Aujourd’hui, son exploitation n’est que de 20 ares en propriété propre (en Champagne, les propriétés sont très parcellaires) et de 3.5 hectares en location mais il a déjà réussi à se faire une place au soleil champenois. Notamment grâce à Arnaud Lallement, le chef triplement étoilé de « L’Assiette champenoise » à Tinqueux dans la très proche banlieue de Reims.
« Avec la cave du Forum située en plein cœur de Reims, il a été le moteur de nombreux producteurs. Il a goûté notre champagne, il a apprécié et il le promotionne. Il fut l’un de mes premiers clients et continue à mettre notre cuvée (une deuxième est prévue en 2020) à la carte de son prestigieux établissement. »

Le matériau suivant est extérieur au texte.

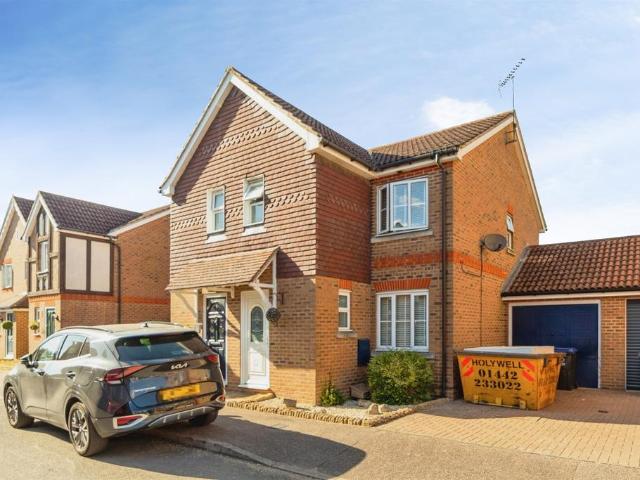 House for sale in Great Ashby, King's Walden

Avec 25.000 bouteilles par an, dont une partie ne sera vendue que dans deux ou trois ans et d’autres dans dix ans vieillissement oblige, il va sans doute être contraint de refuser les demandes que ce prix du vigneron de l’année ne manqueront pas de susciter. Pour un particulier, seule possiblité en Belgique : commander chez vins De Coninck ou dans l’une ou l’autre adresse qui a déjà succombé et qui a réussi à choper quelques flacons (comme La Charcuterie à Bruxelles). Pour les connaisseurs, sa cuvée est composée de 56% de Pinot Meunier, 37% de Chardonnay (le cépage le plus traditionnel en Champagne) et de 7% de Pinot Noir.
Un Belge élu vigneron de l’année dans un pays viticole où la fierté nationale est érigée en étendard, cela mérite de sabrer le… champagne.